■ **TASK INSTRUCTIONS**
Quote each line exactly, from the line that contains "В Гомельском районе" down to the last line of the listing, and no other lines.
────────
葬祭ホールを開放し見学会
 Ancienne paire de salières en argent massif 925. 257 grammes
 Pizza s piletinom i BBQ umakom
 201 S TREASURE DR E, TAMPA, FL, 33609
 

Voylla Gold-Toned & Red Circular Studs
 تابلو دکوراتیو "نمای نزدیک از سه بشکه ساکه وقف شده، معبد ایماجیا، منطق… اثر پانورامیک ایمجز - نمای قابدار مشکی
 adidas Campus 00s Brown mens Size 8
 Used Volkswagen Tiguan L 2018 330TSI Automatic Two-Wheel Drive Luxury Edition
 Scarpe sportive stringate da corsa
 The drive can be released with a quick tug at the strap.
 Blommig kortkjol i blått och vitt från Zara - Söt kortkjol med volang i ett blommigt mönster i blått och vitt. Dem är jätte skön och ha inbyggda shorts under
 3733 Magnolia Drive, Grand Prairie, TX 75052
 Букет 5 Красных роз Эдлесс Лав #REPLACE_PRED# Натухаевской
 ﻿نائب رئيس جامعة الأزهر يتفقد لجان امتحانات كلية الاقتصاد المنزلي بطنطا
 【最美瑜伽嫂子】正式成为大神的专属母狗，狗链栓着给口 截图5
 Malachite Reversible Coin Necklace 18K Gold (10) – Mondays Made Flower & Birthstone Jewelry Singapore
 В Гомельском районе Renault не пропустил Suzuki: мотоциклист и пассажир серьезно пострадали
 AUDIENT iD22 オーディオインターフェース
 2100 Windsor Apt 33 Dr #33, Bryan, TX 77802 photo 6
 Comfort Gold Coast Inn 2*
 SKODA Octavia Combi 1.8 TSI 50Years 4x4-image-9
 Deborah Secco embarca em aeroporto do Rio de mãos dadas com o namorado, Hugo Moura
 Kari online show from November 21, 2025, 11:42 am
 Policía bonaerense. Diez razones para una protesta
────────
■ **SOLUTION TO THE EXERCISE**
 В Гомельском районе Renault не пропустил Suzuki: мотоциклист и пассажир серьезно пострадали
 AUDIENT iD22 オーディオインターフェース
 2100 Windsor Apt 33 Dr #33, Bryan, TX 77802 photo 6
 Comfort Gold Coast Inn 2*
 SKODA Octavia Combi 1.8 TSI 50Years 4x4-image-9
 Deborah Secco embarca em aeroporto do Rio de mãos dadas com o namorado, Hugo Moura
 Kari online show from November 21, 2025, 11:42 am
 Policía bonaerense. Diez razones para una protesta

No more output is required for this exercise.